All of the listing must be given again exactly, except that the images are dropped.

:: The data

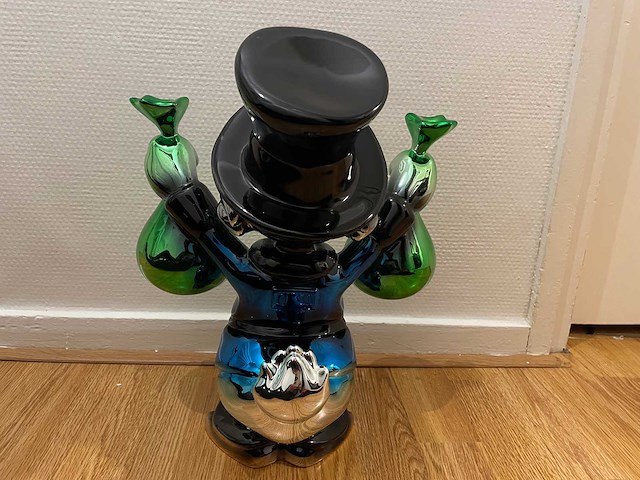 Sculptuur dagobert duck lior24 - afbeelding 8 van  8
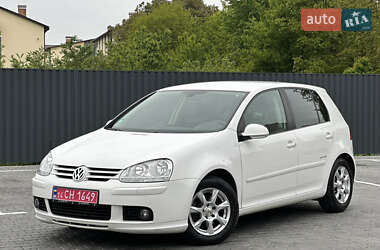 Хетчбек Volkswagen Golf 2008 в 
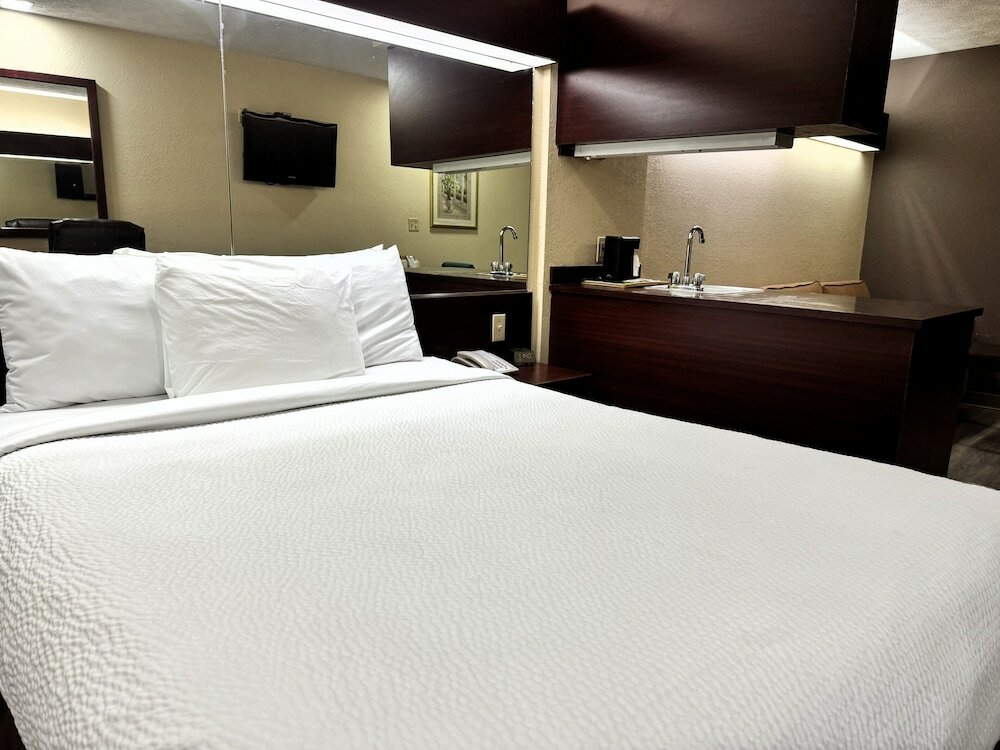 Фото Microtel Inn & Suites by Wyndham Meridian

::::

* _Answer for this exercise_:
 Sculptuur dagobert duck lior24 - afbeelding 8 van  8
 Хетчбек Volkswagen Golf 2008 в 
 Фото Microtel Inn & Suites by Wyndham Meridian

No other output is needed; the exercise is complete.